The goddess Ishtar in her warrior aspect sits on her lion throne atop a stepped platform. Seated across from her as if an equal is the Akkadian king Naram-Sin, Enheduanna’s nephew and Sargon’s grandson, whose deified status is also indicated by his horned crown. He clasps a ring with four attached ropes; Ishtar grasps his wrist with one hand and with the other guides the ropes behind her back. The ropes are attached to the nose rings of captured mountain gods bearing offerings, perhaps precious minerals, and shackled rulers standing on buildings that represent their cities. They all look up to Naram-Sin, who looks directly at Ishtar. Ishtar’s commanding frontal gaze and the angularity of her assertive gesture indicate that it is through her power and with her blessing that Naram-Sin is king.
Sidney Babcock: Clearly the work of a most accomplished seal carver, the fragmentary mold demonstrates another aspect of the complex iconography developed by the Akkadian artists—for expressing not a mythological setting for a god, but a real setting for an actual living god—the deified king, Narim-Sin.
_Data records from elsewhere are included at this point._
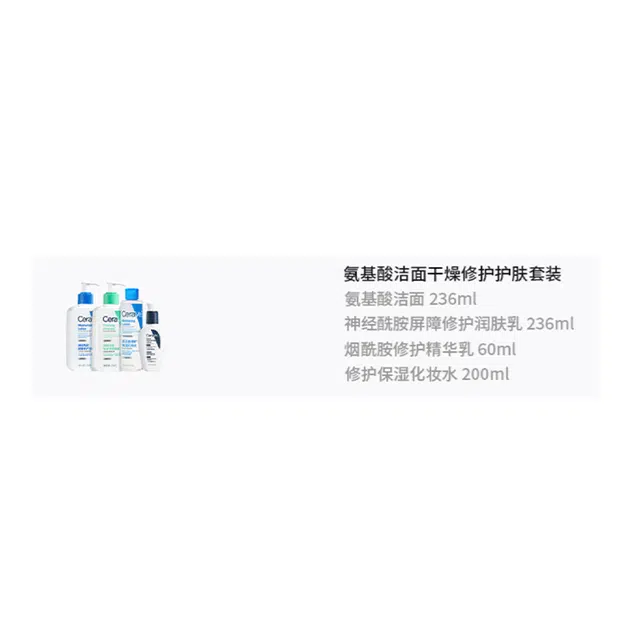 适乐肤 氨基酸洁面干燥修护护肤套装 保湿补水 四件套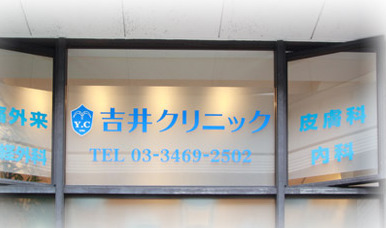 病院　吉井クリニック（病院）まで96m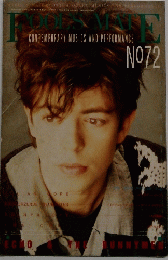 FOOL'S MATE　1987年9月号N0.72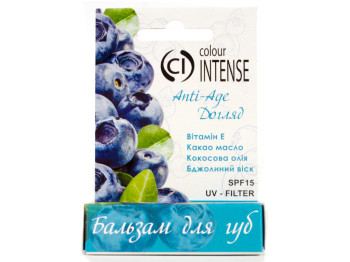 Гигиеническая помада Color Intense LS-112 Черника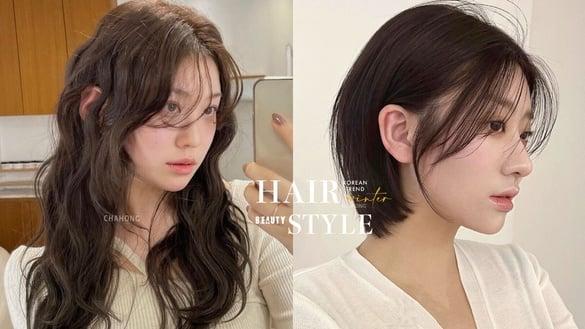韩星也在剪！7款2024韩系发型趋势，齐浏海、一刀切超火，这款像开启减龄显瘦滤镜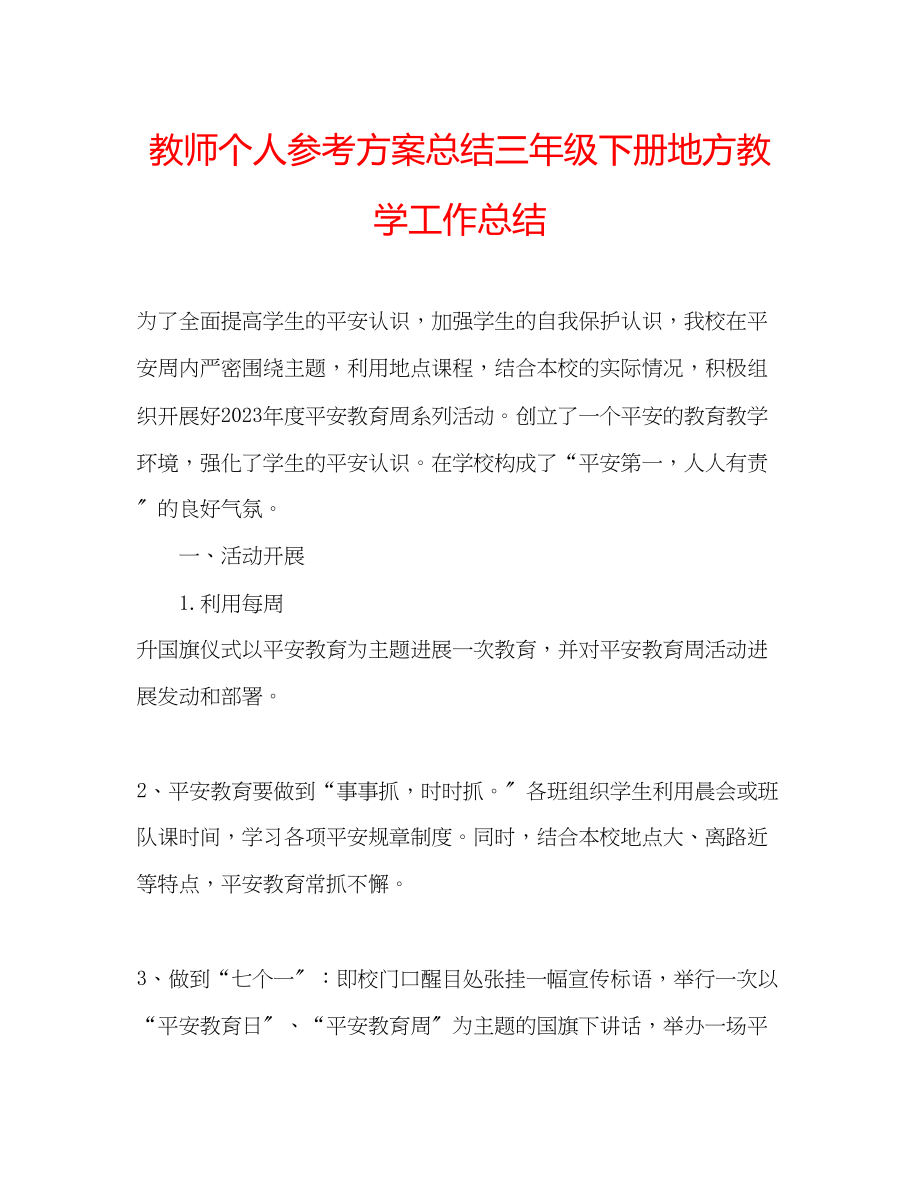 2023年教师个人计划总结三级下册地方教学工作总结.docx_第1页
He is depicted seated as an equal with Ishtar upon a stepped structure most likely the holy dais of Agade, the capitol city of the empire on which according to a later text Narim-Sin rose daily like the sun god. Narim-Sin and Ishtar are deciding matters together and are ruling over the conquered world. How different this view of the order of things is from the scene on the Uruk vase discussed in stop 2 object no 9, where the ruler approaches the goddess with offerings reflecting the careful nurture of the land. Instead, here, two subjugated mountain gods present bowls containing tribute to Ishtar and Narim-Sin. Representing precious raw materials and are a visual manifestation of the idea and importance of resource extraction that is the perogative of the conqueror. The scene visually indicates and emphasizes that it is through the goddess Ishtar that Narim-Sin has not only conquered one mountainous area but that he also rules that region by the goddesses intervention. The lost scenes surrounding the central scene of the mold must have shown other conquered and controlled parts of the empire. As a whole, the object was essentially a world map of Narim-Sin’s empire with perhaps the capitol, Agade at its center.